▶ _Data shown_

——————

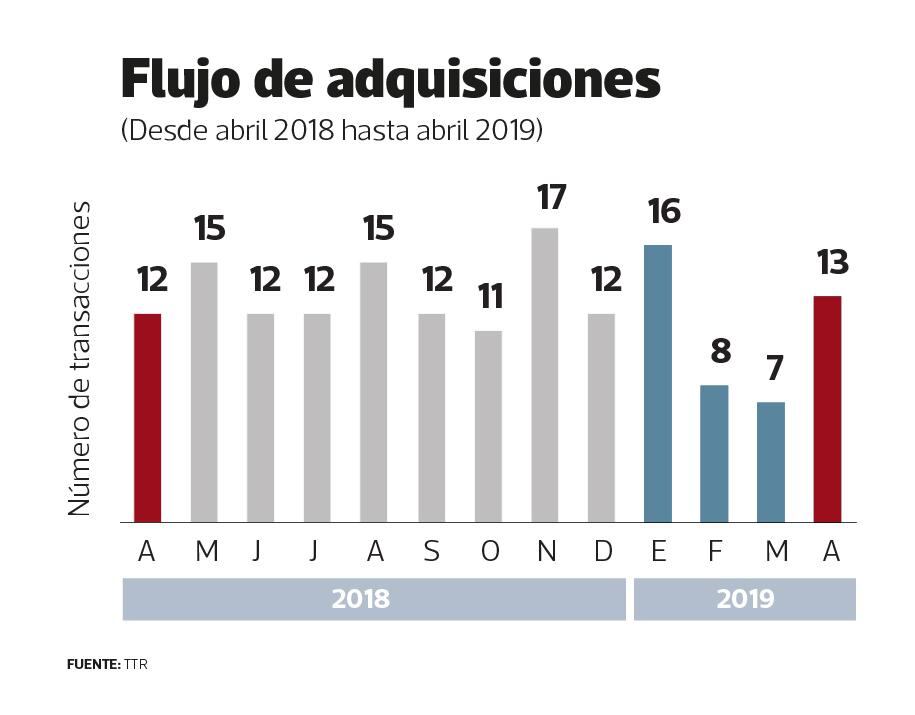 infografía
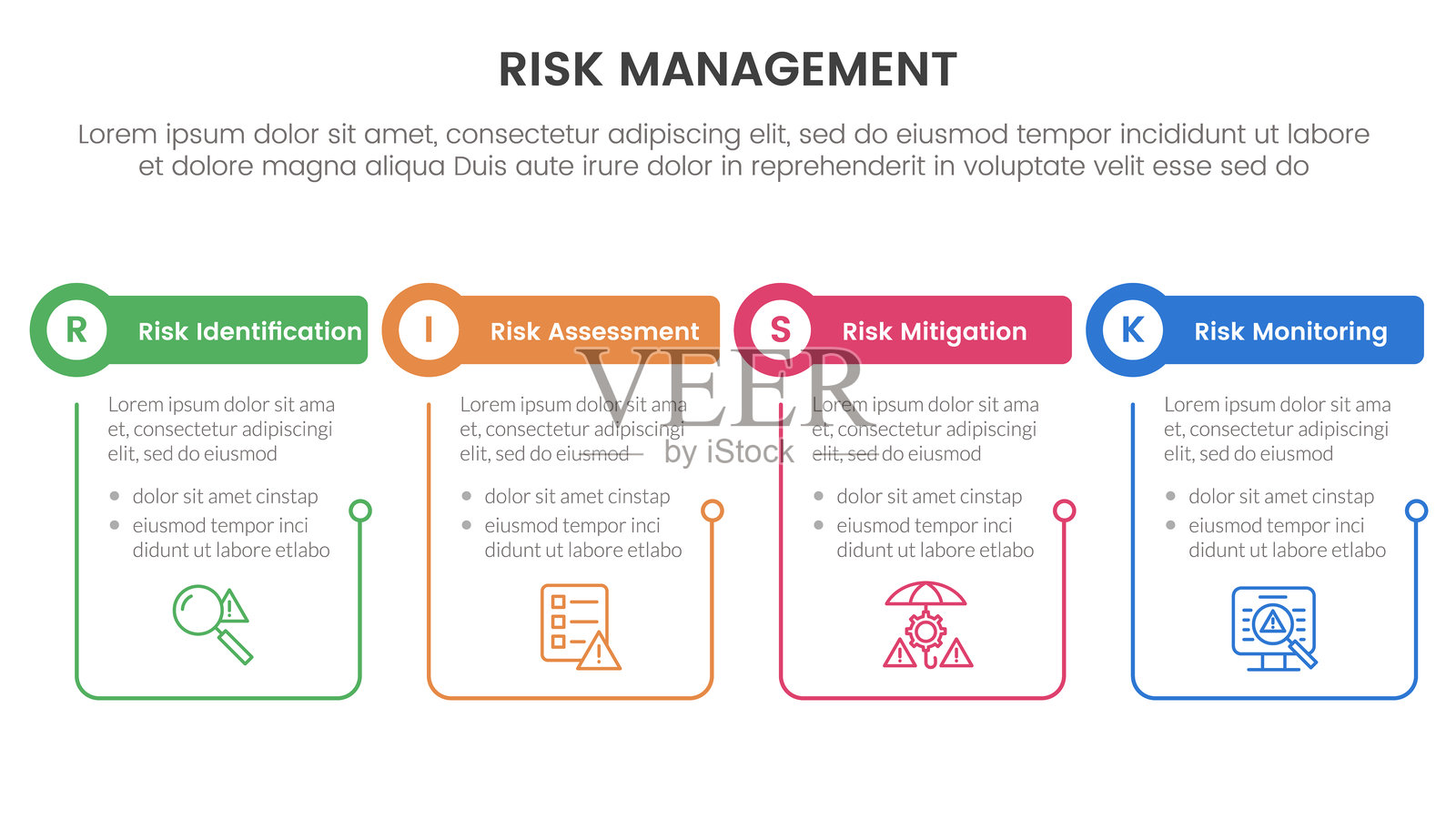 风险管理信息图,包含四个阶段模板,带有大纲表和圆形标题,适用于幻灯片演示。插画图片素材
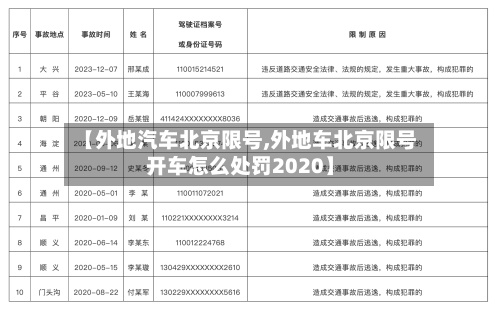 【外地汽车北京限号,外地车北京限号开车怎么处罚2020】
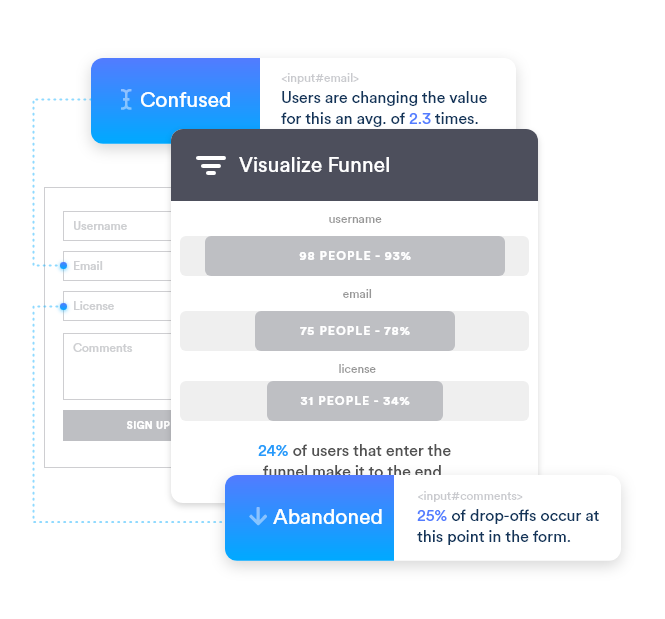 Form Analytics, Tracking & Insights | Insiteful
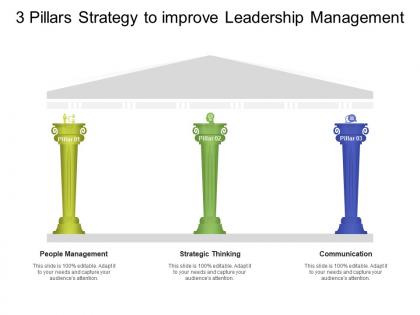 3 pillars strategy to improve leadership management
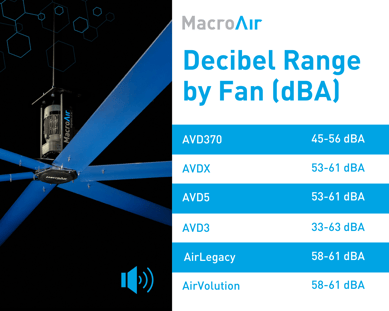 Decibal Range HVLS Fans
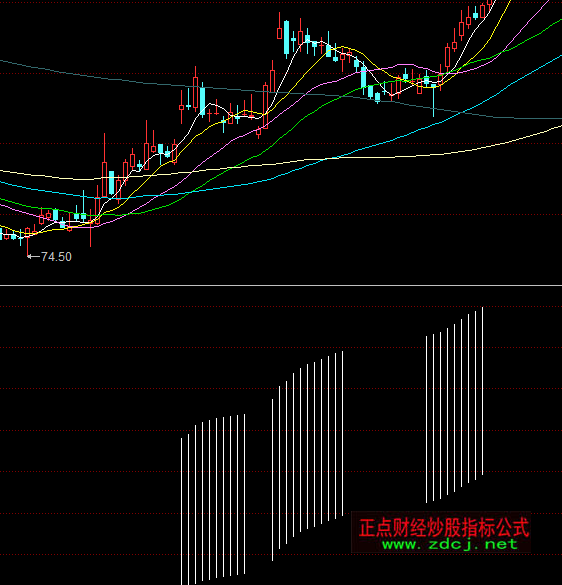 ͬ����f�ҹɆ��Ӆ^ָ�˹�ʽ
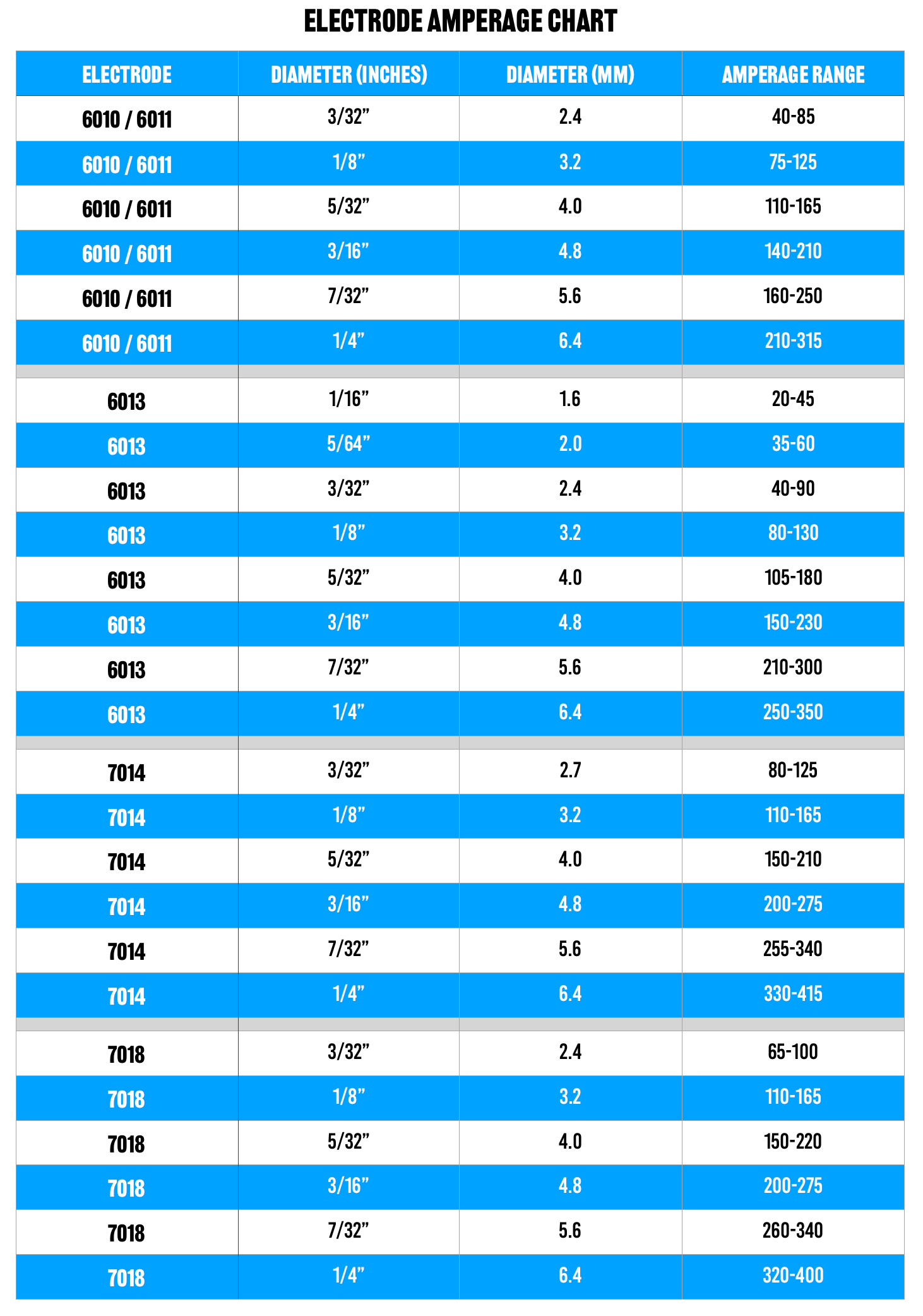 Metal Thickness Stick Welding Amperage Chart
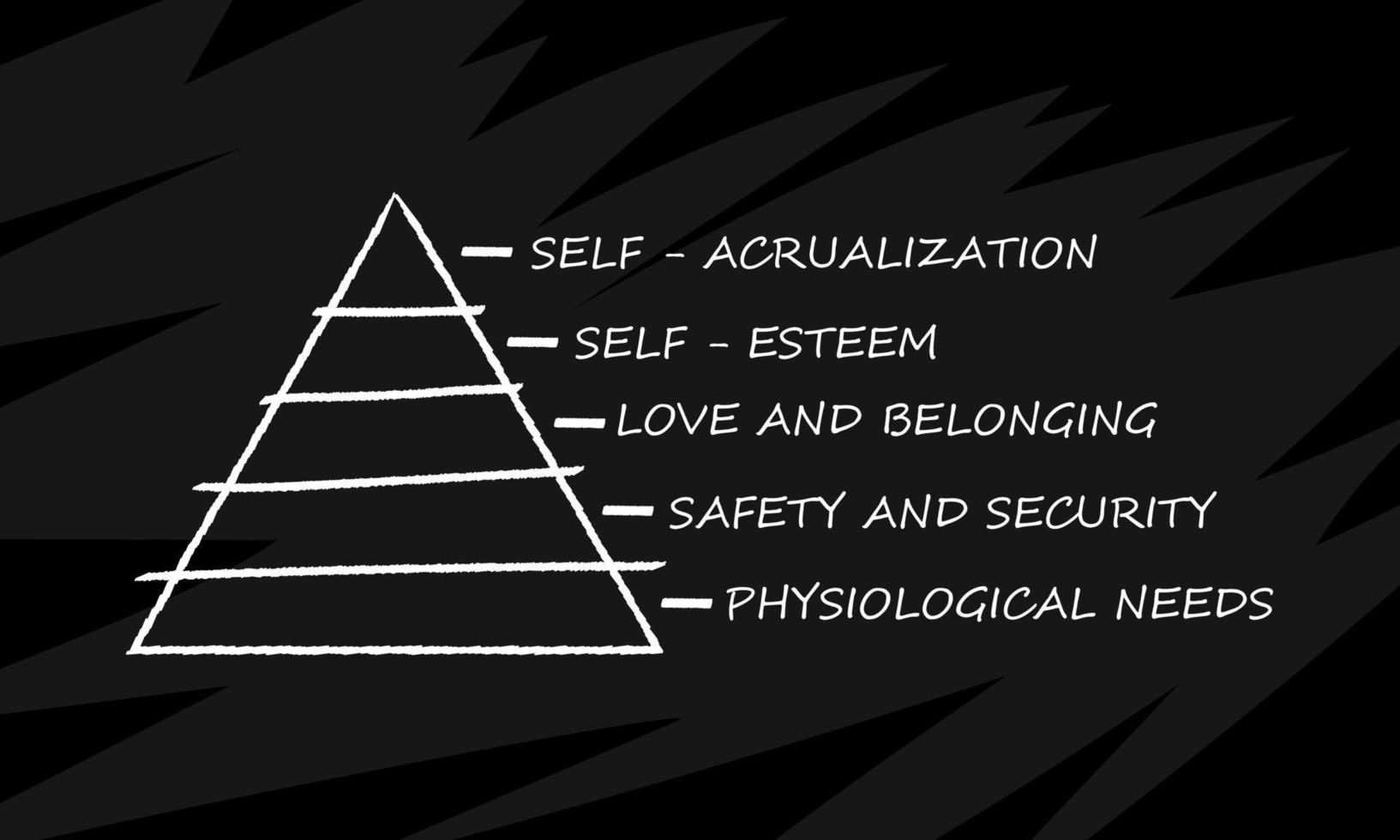 Maslow pyramid isolated on black chalkboard. Social and psychological concepts with five levels hierarchy of needs in humans motivation. vector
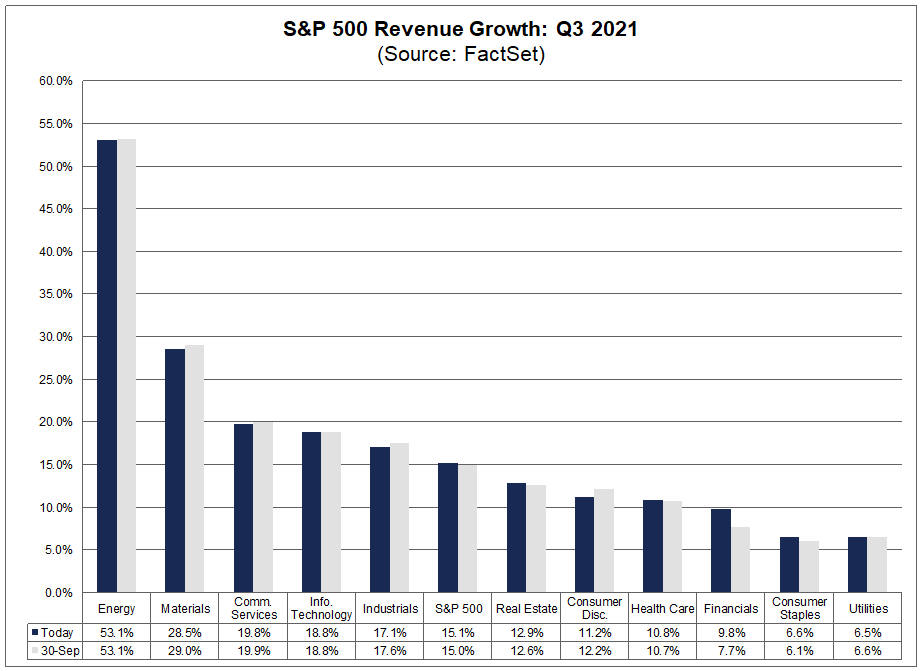 sp-500-revenue-growth-q3-2021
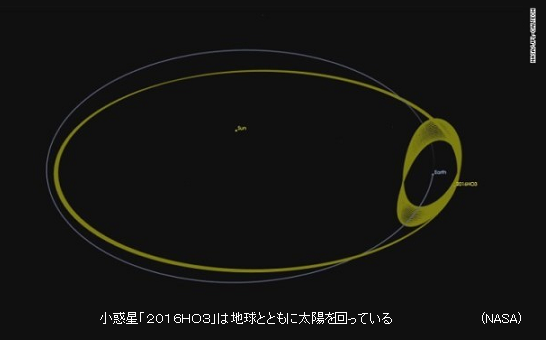 第2の月は存在するか 地球に寄り添う 準衛星 16ho3 を発見 一緒に太陽を公転する小惑星 サイエンスジャーナル 第2の月は存在するか 地球に寄り添う 準衛星 16ho3 を発見 一緒に太陽を公転する小惑星 サイエンスジャーナル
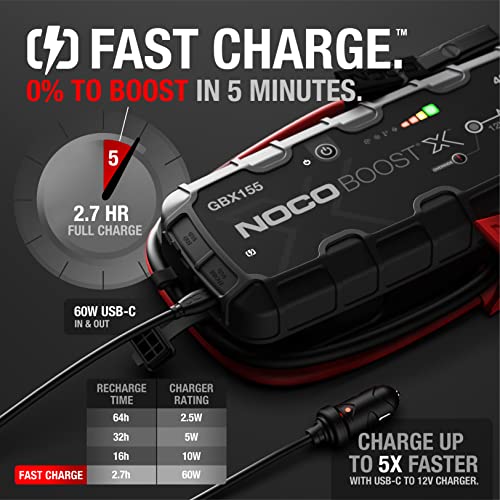 Fonction charge rapide USB-C du booster NOCO Boost X GBX155
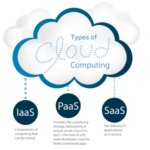 Type of Cloud Computing. Which one is perfect for your business needs?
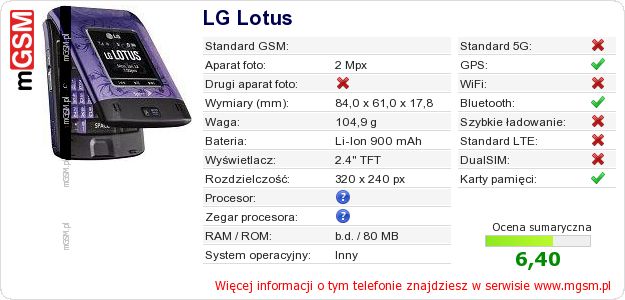 Dane telefonu LG Lotus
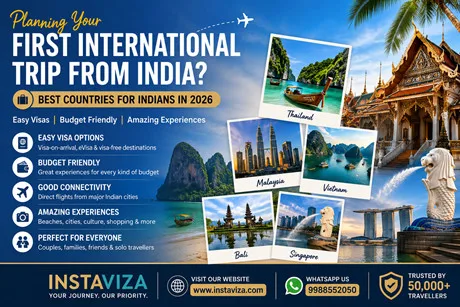 Best first international trip for Indians 2026 – top countries for first-time travellers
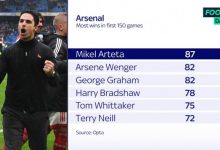 【乐玩LEWIN】阿尔特塔执教阿森纳150场取胜87场，为枪手主帅中同期最多-乐玩真人线上娱乐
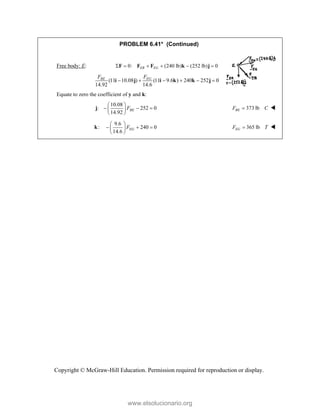 Copyright © McGraw-Hill Education. Permission required for reproduction or display.
PROBLEM 6.41* (Continued)
Free body: E: 0: (240 lb) (252 lb) 0
EB EG
     
F F F k j
(11 10.08 ) (11 9.6 ) 240 252 0
14.92 14.6
EG
BE F
F
     
i j i k k j
Equate to zero the coefficient of y and k:
10.08
: 252 0
14.92
BE
F
 
  
 
 
j 373 lb
BE
F C
 
:
k
9.6
240 0
14.6
EG
F
 
  
 
 
365 lb
EG
F T
 
www.elsolucionario.org
 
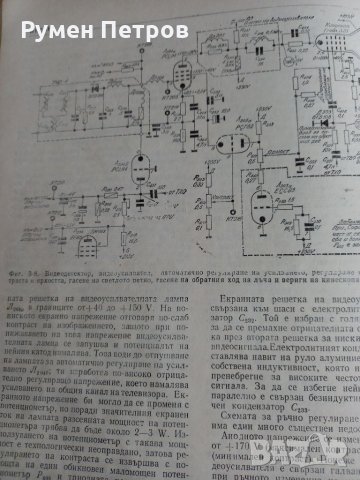 Телевизионни приемници, снимка 8 - Специализирана литература - 35664498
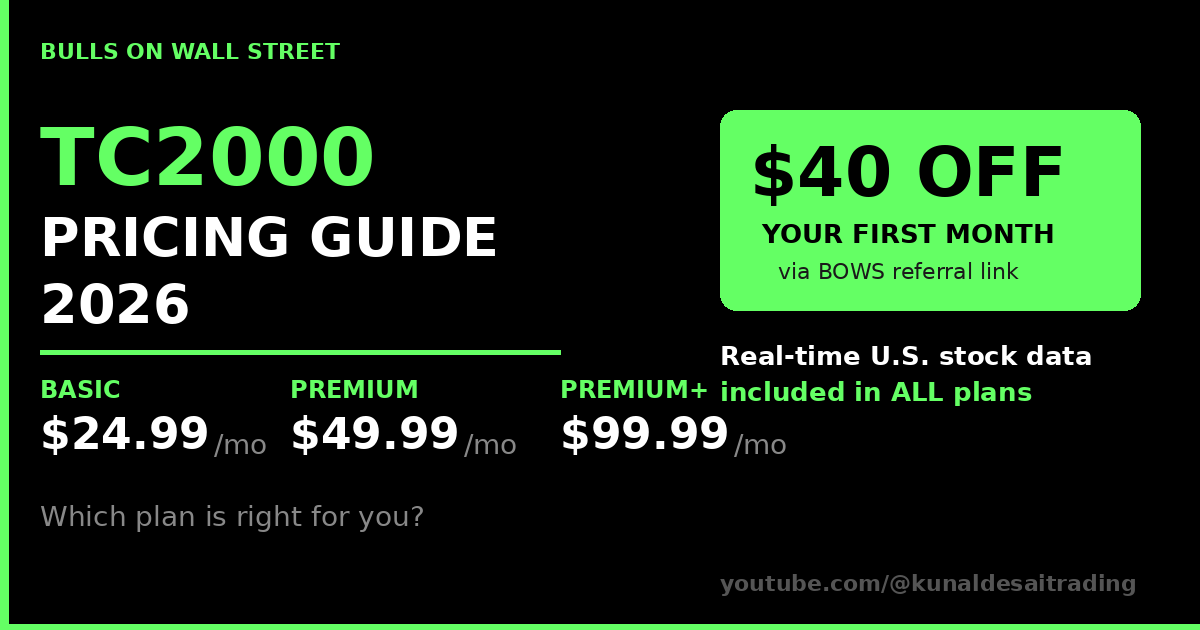 TC2000 pricing guide 2026 showing Basic Premium and Premium Plus plan costs for day traders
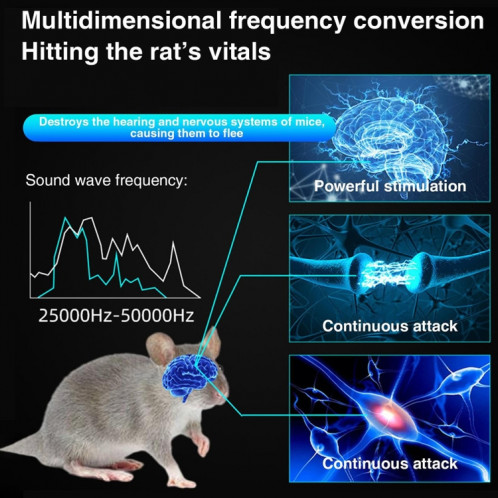 219 Répulsif de souris d'intérieur à ultrasons intelligent à conversion de fréquence multidimensionnelle (blanc) SH101A1441-014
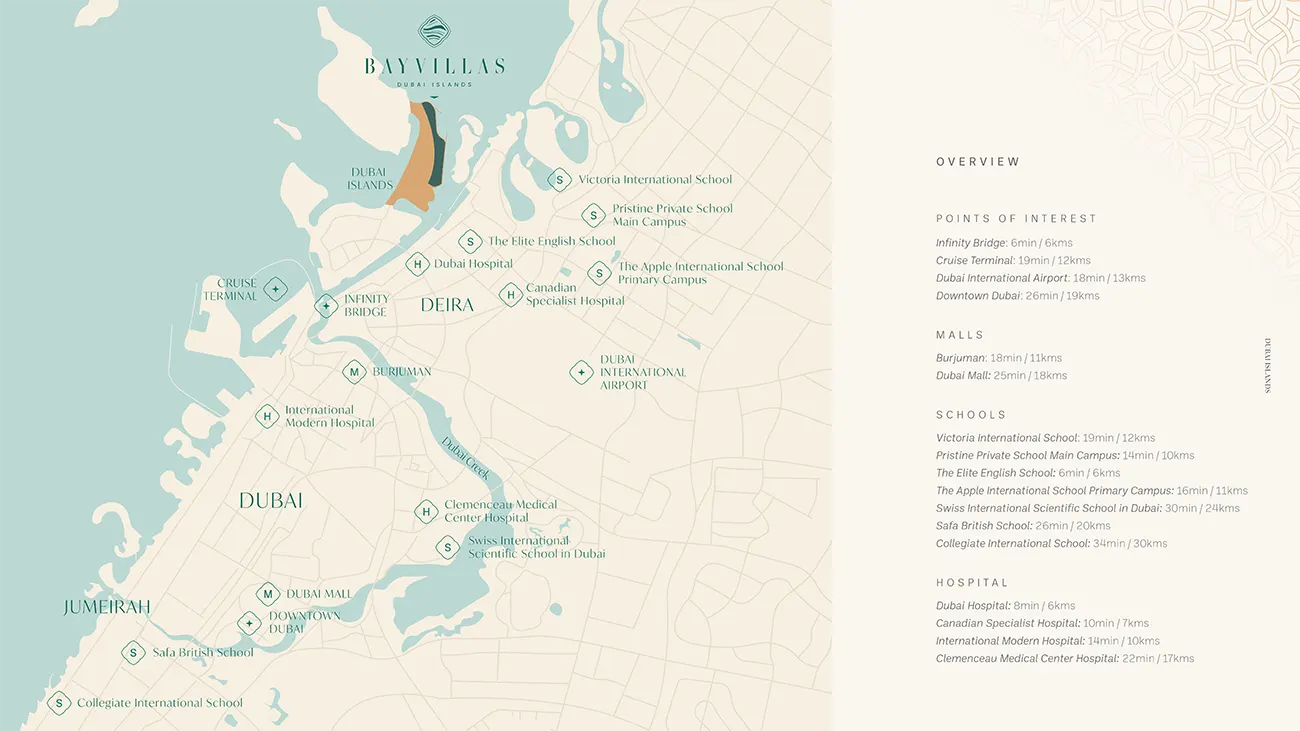 Bay Villas at Dubai Islands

——————

▶ _Exercise_
Line by line, transcribe the records exactly, omitting the images.

▶ _Task output_
 infografía
 风险管理信息图,包含四个阶段模板,带有大纲表和圆形标题,适用于幻灯片演示。插画图片素材
 【外地汽车北京限号,外地车北京限号开车怎么处罚2020】
 Form Analytics, Tracking & Insights | Insiteful
 3 pillars strategy to improve leadership management
 Decibal Range HVLS Fans
 ͬ����f�ҹɆ��Ӆ^ָ�˹�ʽ
 Metal Thickness Stick Welding Amperage Chart
 Maslow pyramid isolated on black chalkboard. Social and psychological concepts with five levels hierarchy of needs in humans motivation. vector
 sp-500-revenue-growth-q3-2021
 第2の月は存在するか 地球に寄り添う 準衛星 16ho3 を発見 一緒に太陽を公転する小惑星 サイエンスジャーナル 第2の月は存在するか 地球に寄り添う 準衛星 16ho3 を発見 一緒に太陽を公転する小惑星 サイエンスジャーナル
 Fonction charge rapide USB-C du booster NOCO Boost X GBX155
 Type of Cloud Computing. Which one is perfect for your business needs?
 Dane telefonu LG Lotus
 Best first international trip for Indians 2026 – top countries for first-time travellers
 【乐玩LEWIN】阿尔特塔执教阿森纳150场取胜87场，为枪手主帅中同期最多-乐玩真人线上娱乐
 Copyright © McGraw-Hill Education. Permission required for reproduction or display.
PROBLEM 6.41* (Continued)
Free body: E: 0: (240 lb) (252 lb) 0
EB EG
     
F F F k j
(11 10.08 ) (11 9.6 ) 240 252 0
14.92 14.6
EG
BE F
F
     
i j i k k j
Equate to zero the coefficient of y and k:
10.08
: 252 0
14.92
BE
F
 
  
 
 
j 373 lb
BE
F C
 
:
k
9.6
240 0
14.6
EG
F
 
  
 
 
365 lb
EG
F T
 
www.elsolucionario.org
 
 Телевизионни приемници, снимка 8 - Специализирана литература - 35664498
 TC2000 pricing guide 2026 showing Basic Premium and Premium Plus plan costs for day traders
 219 Répulsif de souris d'intérieur à ultrasons intelligent à conversion de fréquence multidimensionnelle (blanc) SH101A1441-014
 Bay Villas at Dubai Islands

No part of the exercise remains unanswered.